New Technique Allows for Better Brain-Controlled Prostheses

New Technique Allows for Better Brain-Controlled Prostheses

A new technique that corrects brain readings to allow paralysed people to use a thought-controlled cursor more accurately has been developed by a team led by an Indian-origin researcher.
An interdisciplinary team led by Stanford University electrical engineer Krishna Shenoy has developed a technique to make brain-controlled prostheses more precise.
In essence the prostheses analyse the neuron sample and make dozens of corrective adjustments to the estimate of the brain's electrical pattern - all in the blink of an eye.
Shenoy's team tested a brain-controlled cursor meant to operate a virtual keyboard. The system is intended for people with paralysis and amyotrophic lateral sclerosis (ALS), also called Lou Gehrig's disease.
The thought-controlled keypad would allow a person with paralysis or ALS to run an electronic wheelchair and use a computer or tablet.
"Brain-controlled prostheses will lead to a substantial improvement in quality of life," Shenoy said.
The new corrective technique is based on a recently discovered understanding of how monkeys naturally perform arm movements.
The researchers studied animals that were normal in every way. The monkeys used their arms, hands and fingers to reach for targets presented on a video screen.
What the researchers sought to learn through hundreds of experiments was what the electrical patterns from the 100- to 200-neuron sample looked like during a normal reach.
In short, they came to understand the "brain dynamics" underlying reaching arm movements.
In their current experiments, Shenoy's team distilled their understanding of brain dynamics into an algorithm that could analyse the measured electrical signals that their prosthetic device obtained from the sampled neurons.
The algorithm tweaked these measured signals so that the sample's dynamics were more like the baseline brain dynamics.

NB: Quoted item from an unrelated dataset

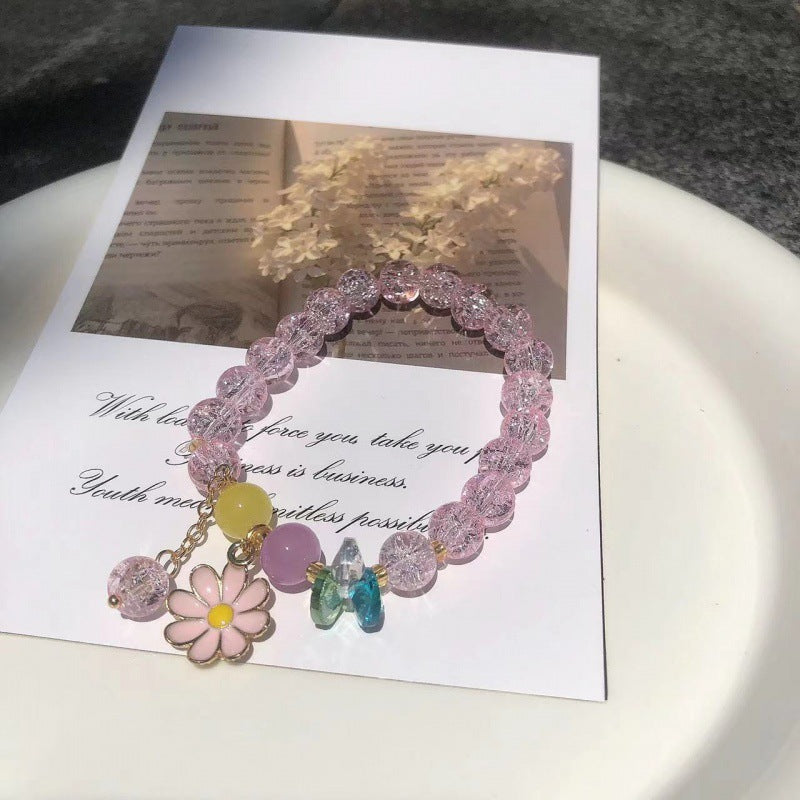 Bamboo Leaf Bracelet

The goal was to make the thought-controlled prosthetic more precise.
To test this algorithm the researchers trained two monkeys to choose targets on a simplified keypad. The keypad consisted of several rows and columns of blank circles.
When a light flashed on a given circle the monkeys were trained to reach for that circle with their arms.
To set a performance baseline the researchers measured how many targets the monkeys could tap with their fingers in 30 seconds. The monkeys averaged 29 correct finger taps in 30 seconds.
The real experiment only scored virtual taps that came from the monkeys' brain-controlled cursor. Although the monkey may still have moved his fingers, the researchers only counted a hit when the brain-controlled cursor, corrected by the algorithm, sent the virtual cursor to the target.
The prosthetic scored 26 thought-taps in 30 seconds, about 90 percent as quickly as a monkey's finger.
The research was published in the journal Nature Communications.